Integral with Wiener shift

Question

Consider the integral $$\int_{- \infty}^{0} e^{s} d B_s(\theta_t \omega)$$ where $B_t$ is Brownian motion and $\theta_t$ is Wiener shift on the canonical probability space. I know the property that $dB_s(\theta_t \omega) = d (B_{t+s}-B_t)$. But I cant understand why the above integral is the same as $$\int_{- \infty}^{t} e^{s-t} d B_s(\omega).$$ Can you show the steps to get this integral?

Answer 1

I'll let you fill in the specific technical details, but this should be the intuition in general.
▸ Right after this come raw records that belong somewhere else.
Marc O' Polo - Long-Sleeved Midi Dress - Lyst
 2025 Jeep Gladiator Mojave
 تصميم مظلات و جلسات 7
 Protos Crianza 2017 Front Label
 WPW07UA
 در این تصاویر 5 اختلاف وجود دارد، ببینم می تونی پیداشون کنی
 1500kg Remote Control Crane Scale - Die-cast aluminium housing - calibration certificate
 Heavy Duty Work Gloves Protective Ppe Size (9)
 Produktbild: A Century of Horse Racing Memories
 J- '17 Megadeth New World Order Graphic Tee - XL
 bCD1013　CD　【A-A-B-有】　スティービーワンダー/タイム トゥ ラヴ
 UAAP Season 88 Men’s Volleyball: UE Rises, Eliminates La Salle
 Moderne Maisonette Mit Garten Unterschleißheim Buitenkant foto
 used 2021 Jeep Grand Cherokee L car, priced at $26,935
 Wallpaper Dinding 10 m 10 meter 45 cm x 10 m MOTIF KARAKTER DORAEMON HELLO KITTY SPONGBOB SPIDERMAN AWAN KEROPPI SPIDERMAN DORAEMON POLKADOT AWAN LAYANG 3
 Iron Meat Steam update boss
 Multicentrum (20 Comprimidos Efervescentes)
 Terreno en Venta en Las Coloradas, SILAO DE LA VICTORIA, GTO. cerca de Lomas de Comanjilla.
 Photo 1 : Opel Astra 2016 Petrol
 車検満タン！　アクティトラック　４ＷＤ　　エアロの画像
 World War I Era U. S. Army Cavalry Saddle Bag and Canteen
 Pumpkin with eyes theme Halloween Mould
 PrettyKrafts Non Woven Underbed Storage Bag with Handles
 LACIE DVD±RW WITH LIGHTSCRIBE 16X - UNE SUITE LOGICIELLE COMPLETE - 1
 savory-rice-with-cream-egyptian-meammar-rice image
We denote with $\theta_t:C[0,\infty)\to C[0,\infty)$ the shift operator s.t. $x \mapsto x_{.+t}$ and $X:\Omega \to C[0,\infty)$ a random process taking values in the space of continuous functions; we denote the composition $\theta_t X:\Omega \to C[0,\infty)$ with $\theta_t X_s(\omega)=X_{s+t}(\omega),s\geq 0$. Suppose $X$ is a Brownian motion. If $H$ is a simple integrand on $[0,h]$ (zero elsewhere) we get for $0=s_0<s_1<...<s_k=h$ $$\begin{aligned}\int_0^hH_sd(\theta_tX)_s&=\sum_{0\leq \ell< k}\phi_\ell(\theta_tX_{s_{\ell+1}}-\theta_tX_{s_{\ell}})=\\ &=\sum_{0\leq \ell< k}\phi_\ell(X_{t+s_{\ell+1}}-X_{t+s_{\ell}})=\\ &=\int_t^{h+t}H_{s-t}dX_s\end{aligned}$$ because $$H_{s-t}=\sum_{0\leq \ell < k}\phi_\ell\mathbf{1}_{(s_\ell,s_{\ell+1}]}(s-t)=\sum_{0\leq \ell < k}\phi_\ell\mathbf{1}_{(t+s_\ell,t+s_{\ell+1}]}(s)$$ so $H_{.-t}$ is a simple integrand on $[t,h+t]$ and zero elsewhere. By extension to all nice integrands $H$ on $[0,h]$ approximated by sequences of simple integrands $H^n$ we have $$\int_0^hH_sd(\theta_tX)_s=\int_{t}^{h+t}H_{s-t}dX_s$$